When the topic originally came up in October, I worried that the borough would pass this opportunity by. It seemed at the time that some members of council thought funding the study would put them on the hook if the project went forward and failed. Thankfully, that silly notion has mostly gone by the wayside.
Hanover Borough Council President John Gerken said the borough’s involvement is minimal and that concerns about funding for a center and who would own it are premature.
“This (the study) has nothing to do with ownership. This is just seeing if it’s feasible,” he said.
Gerken said the borough has to do what it can to help the downtown and that a heritage and conference center would be a good addition.
“People are going to go to other places (downtown) and spend money,” he said. “This is going to encourage business downtown.”
Unfortunately, not everyone got the memo. Councilman Sonny Eline is so upset about this proposal, he said he might make a motion to rescind hikes in garbage, sewer and water rates if council approves the funding.

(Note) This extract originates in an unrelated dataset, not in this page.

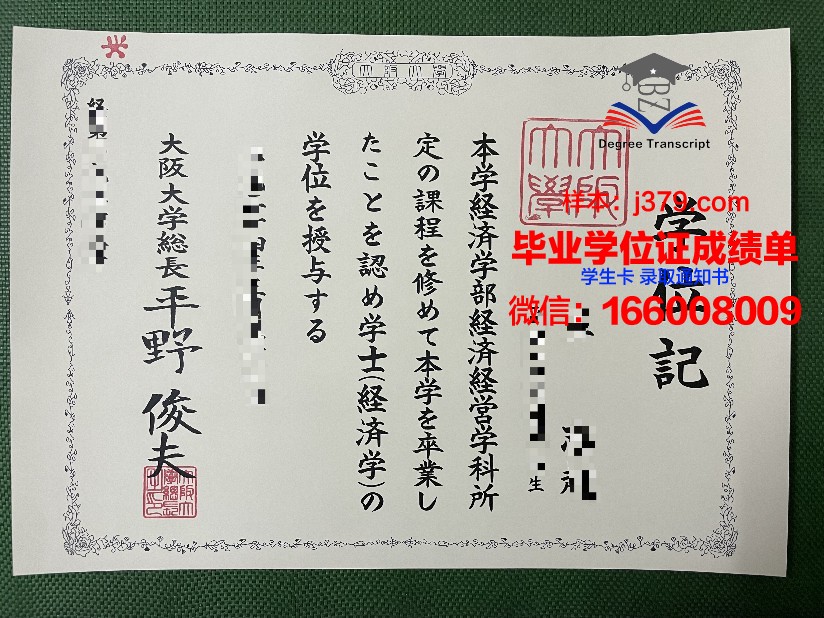 大阪体育大学毕业证Diploma文凭成绩单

If you just said “Huh?” you are not alone.
Beyond the “I’ll take my ball and go home if you don’t do what I want” notion behind that idea, I don’t see the point. Is it to take money away from the budget so that the borough can’t afford this? Would he harm the public works budget just to prove a point?
He says he wants downtown revitalization without taxpayer expense, but that’s impossible. The re-development of downtown will require lots of public investment – police, fire, roads, utilities. The borough paying some of the investigation into whether this project is worth the time, effort and money makes complete sense.
I don’t know, but it just seems petty to say you want Hanover to move forward and then try to block an attempt to move Hanover forward because it wasn’t your idea. I’m sure the secret is hidden within a private Facebook group somewhere.
Anyways, that snark aside, it’s a real positive step for council to lend a hand in this effort. With several key buildings vacant downtown and active interest in the form of Roland, the time is right. Seven grand is a drop in the bucket, as councilman Henry McLin states, if even a small amount of business comes out of the study.